焚吐(たくと)、十九歳。
東京で生まれ、池袋で育った彼は12月に行ったデビュー一周年を記念するツイキャスで「池袋」をテーマに新曲を制作することを発表した。
ミーティアでは、「池袋」をテーマとする焚吐の新曲制作に密着。数回に分けて、連載をお届けする。
第四回では、ついに楽曲が完成!!
レコーディング現場を直撃し、その様子をお伝えします!
先に言っちゃうと、新曲のタイトルは『ごった煮シティ』です!!!!!!
Interview_Arato Kuju
Text & Edit_Sotaro Yamada、Arato Kuju
Photo_Hiroyuki Dozono、Arato Kuju
某日@都内某所。
「楽曲が完成したので、レコーディングをします」
焚吐からそう連絡が入った。予定よりもかなり早いタイミングだ。
告げられた場所へ慌てて駆けつけると、案内されたのは、歓楽街から道を一本奥へ入ったところにある某スタジオ。アコギの音が良く響くと評判のスタジオらしい。
中へ入ると、いつもよりラフな姿の焚吐が笑顔で迎えてくれた。ちょうどギターの弦を張り替えていたところだそう。
「完成したんですね?」
「はい。歌詞は昨日の夜に仕上がりました。良いものができたと思います」
「……タイトル、聞いてもいいですか?」
「『ごった煮シティ』です」
「『ごった煮シティ』……、なるほど、池袋を表すストレートな言葉ですね。歌詞が気になります」
「こういう歌詞になりました」
そう言って手渡されたのがコレ。
筆者が歌詞を読み込んでいると、コントロール・ルームから「いつでも始められるよ」とエンジニアの声が。
ゆっくりと立ち上がり、深呼吸する焚吐。
「レコーディングの時は、やっぱりナーバスになりますか?」と野暮な質問を投げる筆者。

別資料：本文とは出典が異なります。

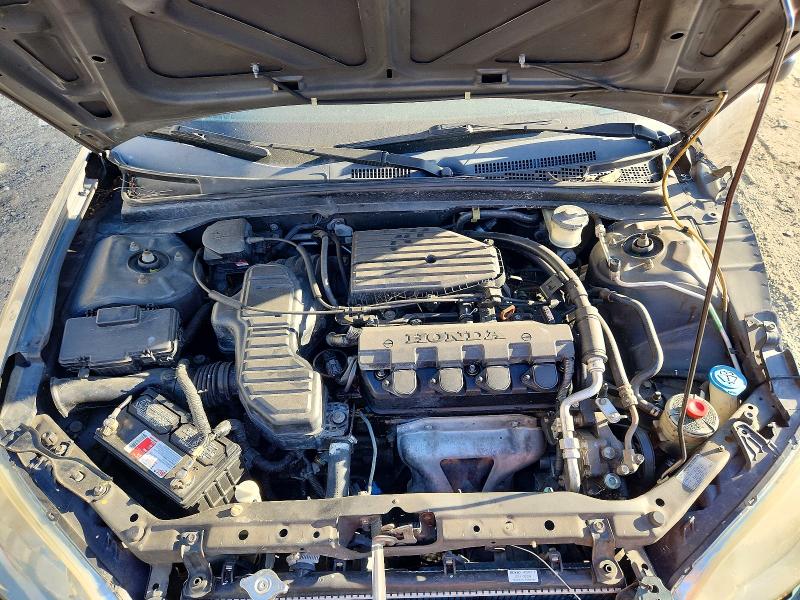 Снимка 11 от търг – 2004 HONDA CIVIC с VIN 2HGES16554H638417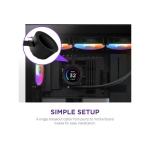 Охлаждане NZXT Kraken Elite 360 RGB Black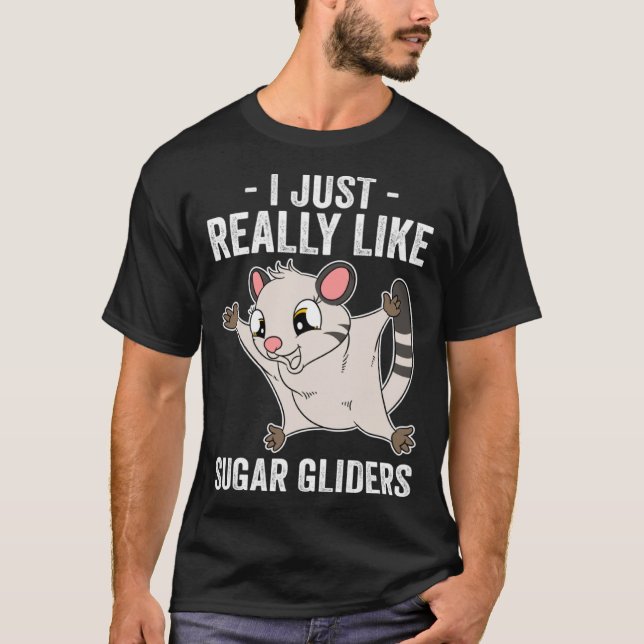 Camiseta Me Gusta Mucho El Azúcar Gliders Pullover Hoodie (Anverso)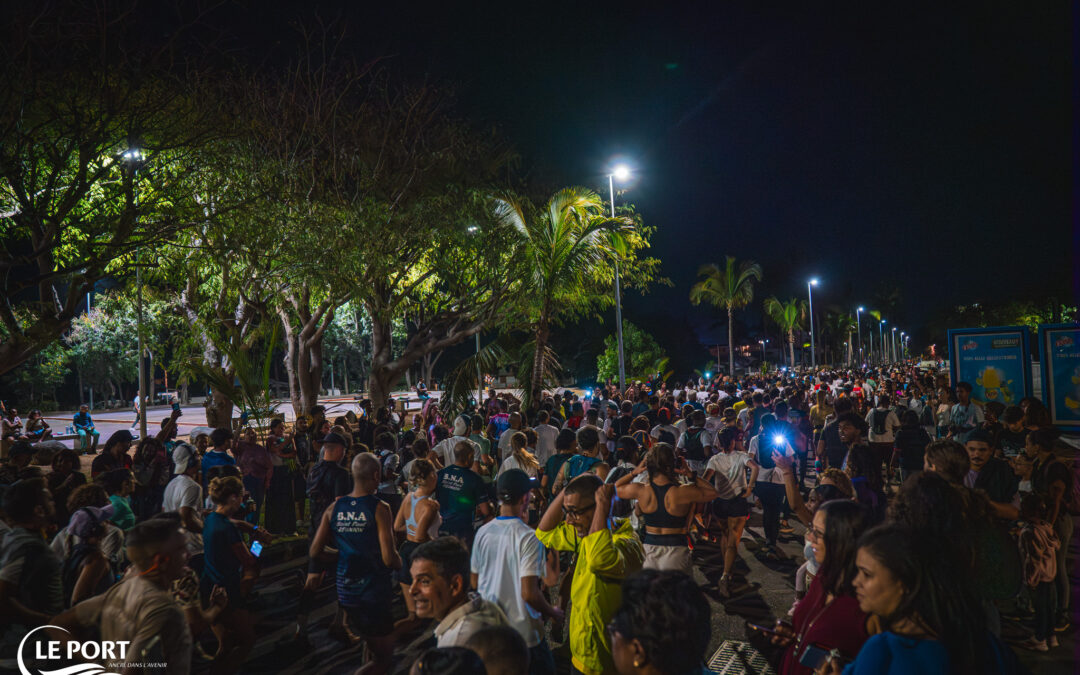 636 coureurs dans les rues du Port
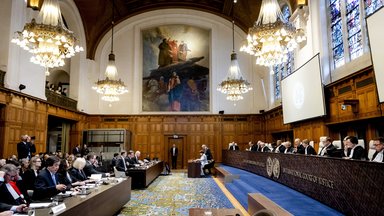 Internationalen Gerichtshofs (IGH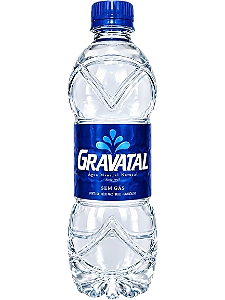 Agua Mineral Gravatal Sem Gas 12x510ml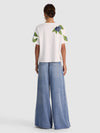 T-SHIRT OVERSIZE EVAN STACEFACE-ALICE + OLIVIA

「ギターを持ってレコーディングすることはほぼないので、少し緊張しています。でも大丈夫です。行ってきます」
そう言って焚吐ブースへ入って行った。
そうして始まったレコーディング。
物静かにアコースティックギターを抱え、エンジニアとやり取りをしながらまずはバックトラックの収録を始める焚吐。
『ごった煮シティ』は三拍子と四拍子が入り交じる、やや複雑な構成の曲だ。――それでいて、構成の複雑さを感じさせずにキャッチーでメロディアスな仕上がりになっている点に彼のメロディーメーカーとしての才覚を感じる。
レコーディングブースでギターを弾く彼の手の動きに合わせて、試しに筆者も「1,2,3」「1,2,3,4」とカウントを刻んでみたのだが特にBメロからサビに移る箇所ではカウントを取るのが非常に難しかった。どのタイミングでカチッと三拍子が四拍子に切り替わっているのか、掴みづらかったのだ。
この「キャッチー」でありながら「掴みづらく」「複雑」な曲の構成にも、池袋のエッセンスが入っていることを思い知らされた。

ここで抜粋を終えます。